*Problem details:* Records follow. Print exactly the lines from the one that has "Ketchup Dispenser Pack 515500/78000075" through the one that has "7 room villa", inclusive, and omit the pictures.

________________________________________

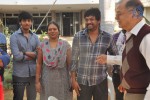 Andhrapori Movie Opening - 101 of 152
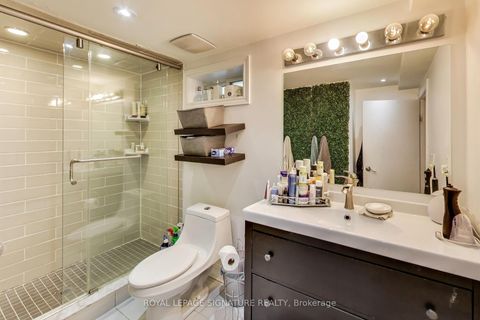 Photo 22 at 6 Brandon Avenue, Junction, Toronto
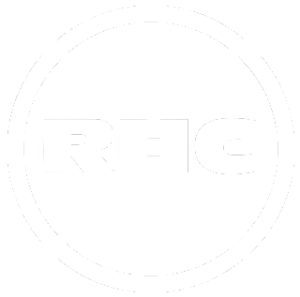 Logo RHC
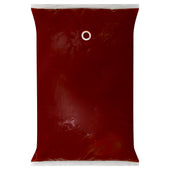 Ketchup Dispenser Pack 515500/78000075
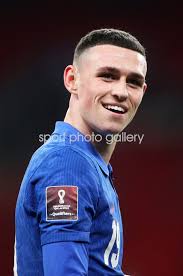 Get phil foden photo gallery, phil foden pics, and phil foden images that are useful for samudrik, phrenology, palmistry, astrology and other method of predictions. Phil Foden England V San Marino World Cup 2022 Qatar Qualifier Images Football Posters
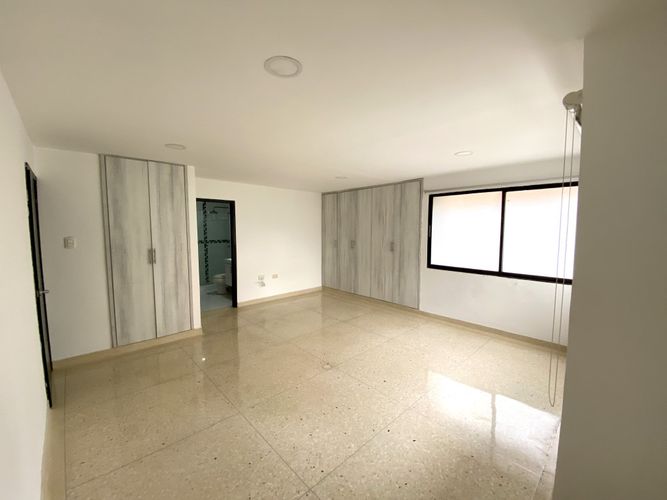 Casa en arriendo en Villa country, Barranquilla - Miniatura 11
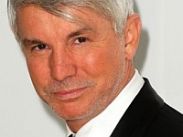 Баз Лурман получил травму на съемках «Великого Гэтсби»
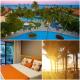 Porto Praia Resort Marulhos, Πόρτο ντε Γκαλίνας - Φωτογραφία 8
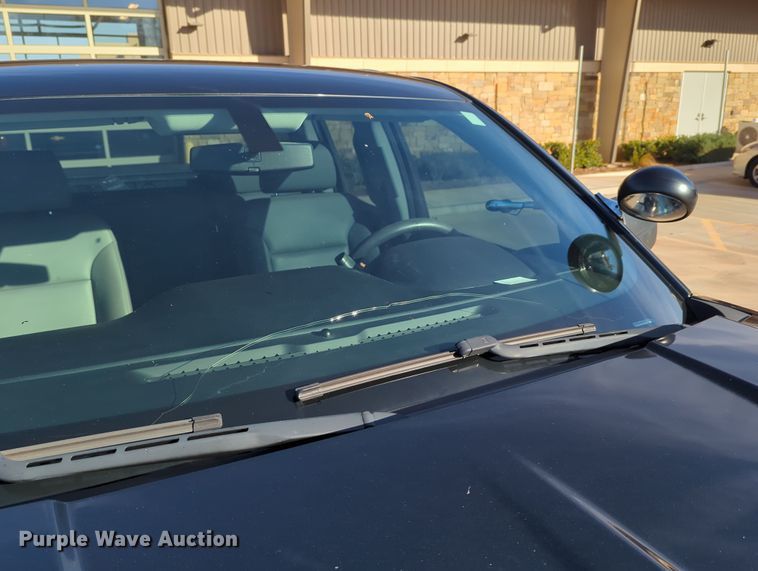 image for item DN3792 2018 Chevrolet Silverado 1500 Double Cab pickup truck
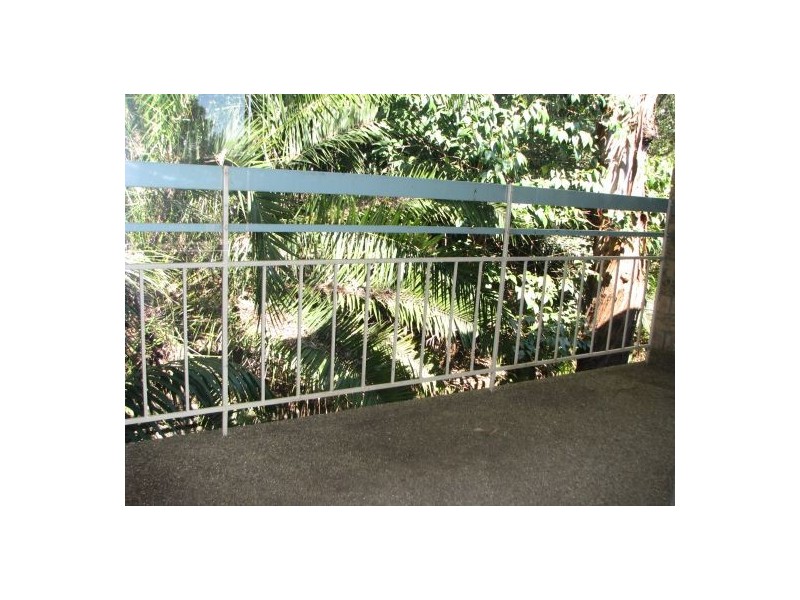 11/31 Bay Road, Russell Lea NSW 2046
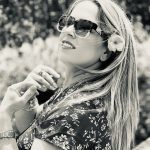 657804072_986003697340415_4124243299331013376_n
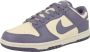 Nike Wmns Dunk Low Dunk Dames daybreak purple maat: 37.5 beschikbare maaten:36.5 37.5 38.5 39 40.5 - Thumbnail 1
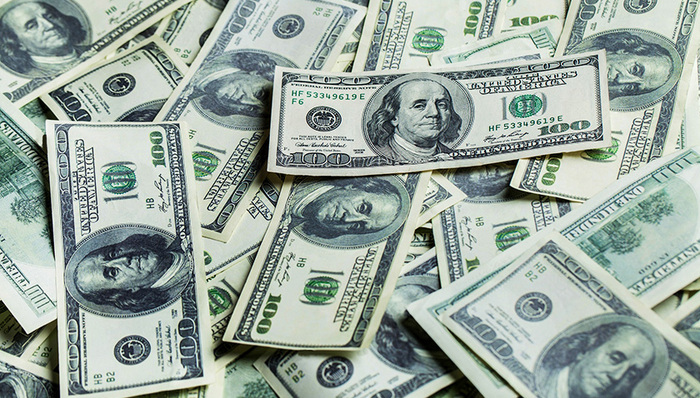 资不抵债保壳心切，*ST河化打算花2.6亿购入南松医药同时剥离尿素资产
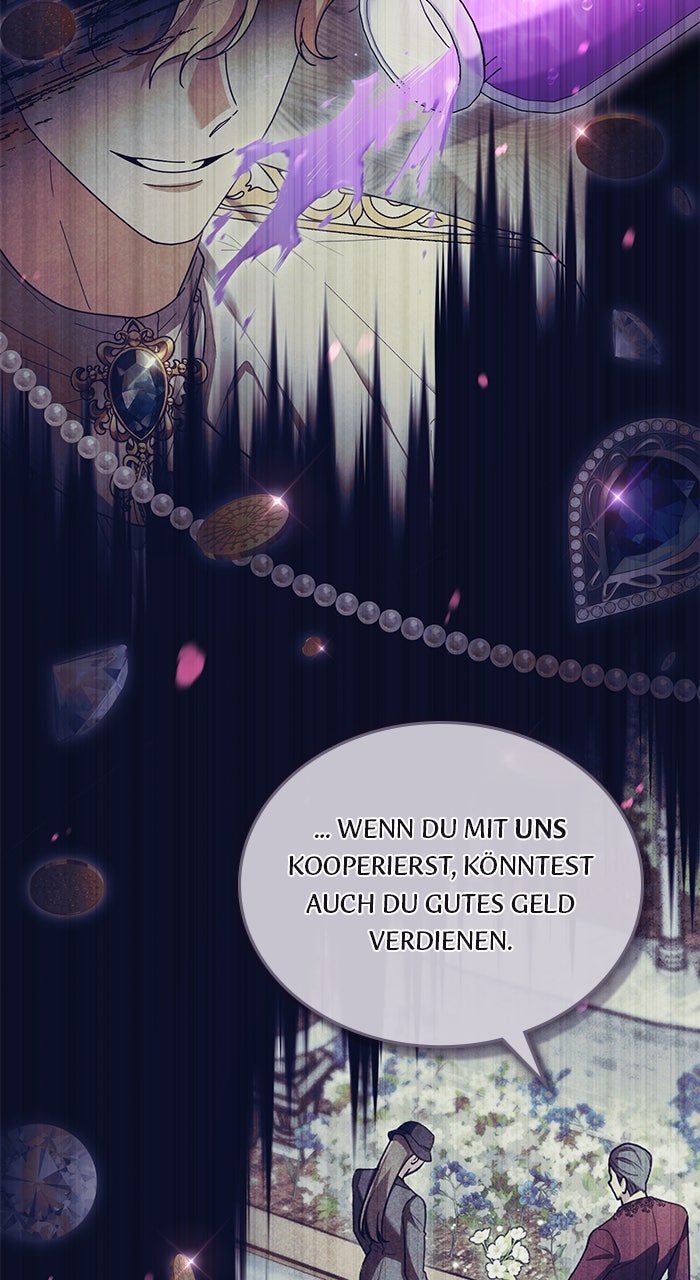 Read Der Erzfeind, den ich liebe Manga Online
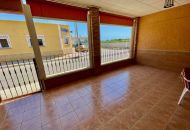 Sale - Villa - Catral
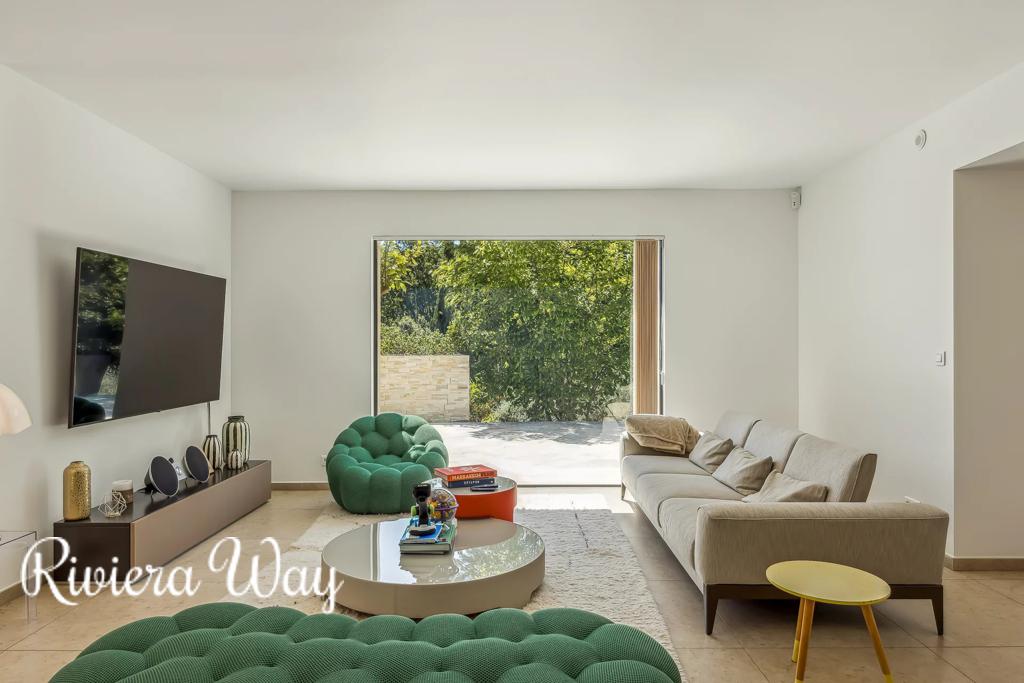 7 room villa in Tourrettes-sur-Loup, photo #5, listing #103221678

________________________________________

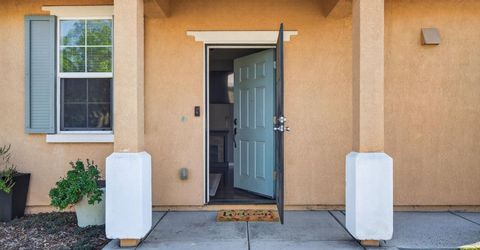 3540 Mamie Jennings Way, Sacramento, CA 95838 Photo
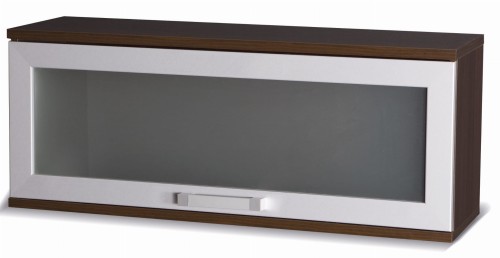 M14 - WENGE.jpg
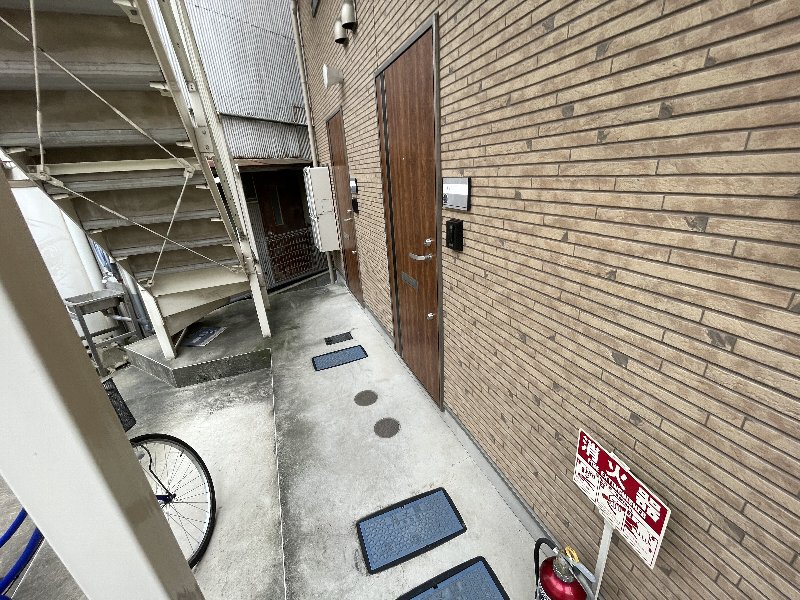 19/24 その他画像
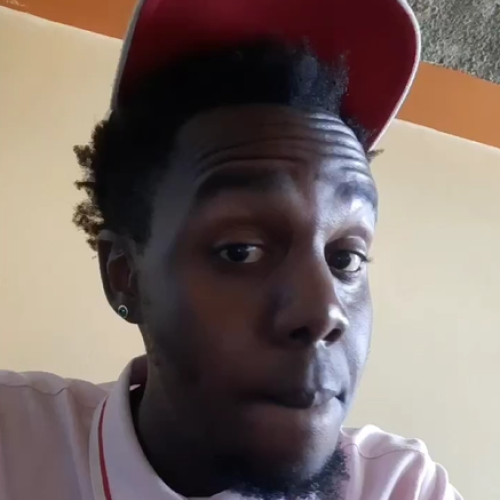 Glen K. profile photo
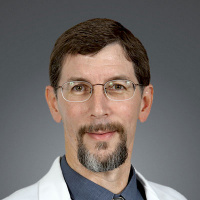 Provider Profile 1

________________________________________

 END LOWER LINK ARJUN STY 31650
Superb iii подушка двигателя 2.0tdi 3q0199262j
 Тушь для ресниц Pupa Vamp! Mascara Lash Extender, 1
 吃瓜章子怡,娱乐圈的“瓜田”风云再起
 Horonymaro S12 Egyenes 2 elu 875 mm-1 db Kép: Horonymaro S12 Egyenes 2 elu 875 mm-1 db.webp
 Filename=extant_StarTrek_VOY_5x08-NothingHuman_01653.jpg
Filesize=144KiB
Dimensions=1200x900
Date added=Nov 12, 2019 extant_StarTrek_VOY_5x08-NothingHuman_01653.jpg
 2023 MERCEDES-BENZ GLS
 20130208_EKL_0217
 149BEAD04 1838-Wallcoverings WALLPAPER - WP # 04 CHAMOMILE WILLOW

________________________________________

*Expected answer:*
 Ketchup Dispenser Pack 515500/78000075
 Get phil foden photo gallery, phil foden pics, and phil foden images that are useful for samudrik, phrenology, palmistry, astrology and other method of predictions. Phil Foden England V San Marino World Cup 2022 Qatar Qualifier Images Football Posters
 Casa en arriendo en Villa country, Barranquilla - Miniatura 11
 Баз Лурман получил травму на съемках «Великого Гэтсби»
 Porto Praia Resort Marulhos, Πόρτο ντε Γκαλίνας - Φωτογραφία 8
 image for item DN3792 2018 Chevrolet Silverado 1500 Double Cab pickup truck
 11/31 Bay Road, Russell Lea NSW 2046
 657804072_986003697340415_4124243299331013376_n
 Nike Wmns Dunk Low Dunk Dames daybreak purple maat: 37.5 beschikbare maaten:36.5 37.5 38.5 39 40.5 - Thumbnail 1
 资不抵债保壳心切，*ST河化打算花2.6亿购入南松医药同时剥离尿素资产
 Read Der Erzfeind, den ich liebe Manga Online
 Sale - Villa - Catral
 7 room villa in Tourrettes-sur-Loup, photo #5, listing #103221678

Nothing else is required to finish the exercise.